|Year : 2021 | Volume
| Issue : 2 | Page : 64-68
Feasibility of direct observation and consumption method for hand hygiene compliance in an intensive care unit of a Tertiary Care Hospital
Bineeta Kashyap1, Rajat Jhamb2, Rituparna Saha1, Pratima Prasad3, NP Singh1
1 Department of Microbiology, University College of Medical Sciences, Guru Teg Bahadur Hospital, Delhi, India
2 Department of Medicine, University College of Medical Sciences and Guru Teg Bahadur Hospital, Delhi, India
3 Hospital Infection Control Committee, Guru Teg Bahadur Hospital, Delhi, India
|Date of Submission||11-Dec-2020|
|Date of Decision||17-Dec-2020|
|Date of Acceptance||17-Dec-2020|
|Date of Web Publication||17-Mar-2021|
Dr. Bineeta Kashyap
Department of Microbiology, University College of Medical Sciences and Guru Teg Bahadur Hospital, Delhi
Source of Support: None, Conflict of Interest: None
Background: Emerging pandemics, rampant multidrug resistance, and diversity of healthcare-associated infections entail hand hygiene (HH) compliance, surveillance, and documentation as the cornerstone of infection control practices. Methods: HH adherence rates (HHARs) were determined by the WHO's “Direct Observation” technique and compared with the “Indirect Hand-Rub Consumption” method, in the main intensive care unit of a tertiary care hospital over a period of 15 days, encompassing 3000 HH opportunities. HHARs were also compared over the study duration and among doctors and nurses. Results: The overall HHAR estimated by direct observation as per the WHO criteria was 28.5% and by “indirect hand-rub consumption” method was 12.12%. Healthcare workers adhered maximally to the WHO HH moment 3 (64.6%) followed by 5 (31.6%), 4 (27%), and 2 (27%). Conclusion: The direct observation technique for monitoring HH, though conventionally deemed as the gold standard, mandates skilled personnel and devoted time which may deter daily surveillance in resource-limited settings. The time constraints in addition to the observation biases often confound or may even push HH surveillance to the backburners. The indirect “hand-rub consumption” technique, on the other hand, might prove to be an attractive alternative in resource-limited settings, which, in addition to providing an overall glimpse of existing HH culture, is also devoid of observation biases.

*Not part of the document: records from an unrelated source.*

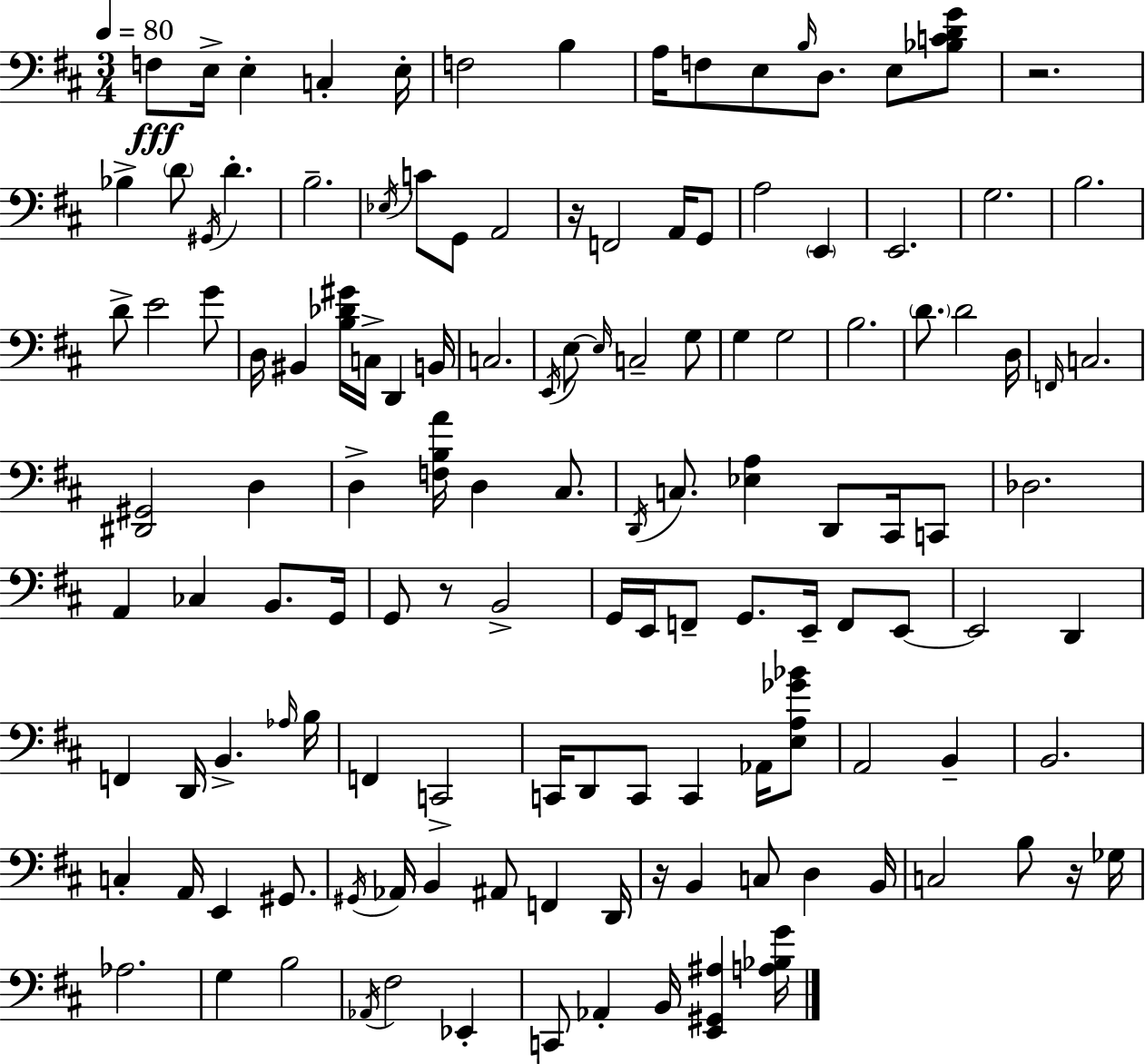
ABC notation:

X:1
T:Untitled
M:3/4
L:1/4
K:D
F,/2 E,/4 E, C, E,/4 F,2 B, A,/4 F,/2 E,/2 B,/4 D,/2 E,/2 [_B,CDG]/2 z2 _B, D/2 ^G,,/4 D B,2 _E,/4 C/2 G,,/2 A,,2 z/4 F,,2 A,,/4 G,,/2 A,2 E,, E,,2 G,2 B,2 D/2 E2 G/2 D,/4 ^B,, [B,_D^G]/4 C,/4 D,, B,,/4 C,2 E,,/4 E,/2 E,/4 C,2 G,/2 G, G,2 B,2 D/2 D2 D,/4 F,,/4 C,2 [^D,,^G,,]2 D, D, [F,B,A]/4 D, ^C,/2 D,,/4 C,/2 [_E,A,] D,,/2 ^C,,/4 C,,/2 _D,2 A,, _C, B,,/2 G,,/4 G,,/2 z/2 B,,2 G,,/4 E,,/4 F,,/2 G,,/2 E,,/4 F,,/2 E,,/2 E,,2 D,, F,, D,,/4 B,, _A,/4 B,/4 F,, C,,2 C,,/4 D,,/2 C,,/2 C,, _A,,/4 [E,A,_G_B]/2 A,,2 B,, B,,2 C, A,,/4 E,, ^G,,/2 ^G,,/4 _A,,/4 B,, ^A,,/2 F,, D,,/4 z/4 B,, C,/2 D, B,,/4 C,2 B,/2 z/4 _G,/4 _A,2 G, B,2 _A,,/4 ^F,2 _E,, C,,/2 _A,, B,,/4 [E,,^G,,^A,] [A,_B,G]/4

Keywords: Antimicrrobial resistance, Hand hygiene, Infections, Infection control
|How to cite this article:|
Kashyap B, Jhamb R, Saha R, Prasad P, Singh N P. Feasibility of direct observation and consumption method for hand hygiene compliance in an intensive care unit of a Tertiary Care Hospital. Indian J Med Spec 2021;12:64-8
|How to cite this URL:|
Kashyap B, Jhamb R, Saha R, Prasad P, Singh N P. Feasibility of direct observation and consumption method for hand hygiene compliance in an intensive care unit of a Tertiary Care Hospital. Indian J Med Spec [serial online] 2021 [cited 2021 May 18];12:64-8. Available from: http://www.ijms.in/text.asp?2021/12/2/64/311314
| Introduction|| |
Healthcare-associated infections (HCAIs) account for a significant bulk of patients in hospital settings. With an approximation of 10 in 100 patients in developing nations and 7 in 100 HCAIs in the developed world, HCAI levies high burden on the healthcare system in terms of morbidity, mortality, and management costs. With the escalating threat of infections with multidrug-resistant organisms (MDROs) and colonization with the same, hand hygiene (HH) has emerged as the single most crucial, simplest, and cheapest infection control measure to curtail adverse outcomes., Implementation of HH alone has been documented to curb the transmission and infection rates due to several MDROs, which attain greater significance especially in critical care settings such as intensive care units (ICUs), which essentially serve as the “epicenter” for HCAI and colonization with MDROs.,,
The World Health Organization (WHO) emphasizes upon the “five moments of hand hygiene” in its “SAVE LIVES: Clean Your Hands” program for the protection of the patients and healthcare workers (HCWs) simultaneously. A vast majority of agents with varying degrees of efficacies against diverse group of microorganisms have been studied for HH.,, HH practices with alcohol-based hand rubs instead of soap and water have proven to have better compliance rates possibly on the account of a significant reduction of time, lesser skin irritation, and a wider microbial spectrum with respect to hand washing with soap and water.,,
Since approximately 75% of health infrastructure and resources are concentrated in urban areas, with a meager 27% of resources catering to the rural healthcare needs, there is a glaring imbalance in resource-to-consumer ratio. The relative overburdening, in addition to local environmental conditions, varied cultural practices, as well as legislation and requirements of accreditation, together contribute to the varied HH culture. Thus, a targeted multipronged approach to expedite HH practices backed by administrative support, motivation, accessibility of alcohol-based hand rubs at stations, continued training exercises, strategic reminders in the workplace, and positive role modeling have all proven to increase compliance to HH.,,
With the availability of numerous modalities of monitoring HH practices, the appraisal of compliance in comparable attributes is invaluable in curtailing HCAI. The limitations arising from the conventionally employed “direct observation” method for HH with respect to time, personnel, training, as well as several bias arising during observation have known to confound results obtained thus. The “consumption” method, on the other hand, estimates HH adherence rate (HHAR) by extrapolation from the volume of consumed product. The method not only bypasses the bottlenecks of physical presence and variations in the monitoring skills of an observer but also furnishes an inexpensive, rapid, easy, and often efficient way of determining HHAR in resource- or time-limited settings. The present study was undertaken to observe the HH practices and to analyze HHARs by the WHO-recommended “direct observation” technique and compare it with the “indirect hand-rub consumption” method, in the main ICU of a tertiary care center. The study also attempts to compare the HH practices among doctors and the nursing staff.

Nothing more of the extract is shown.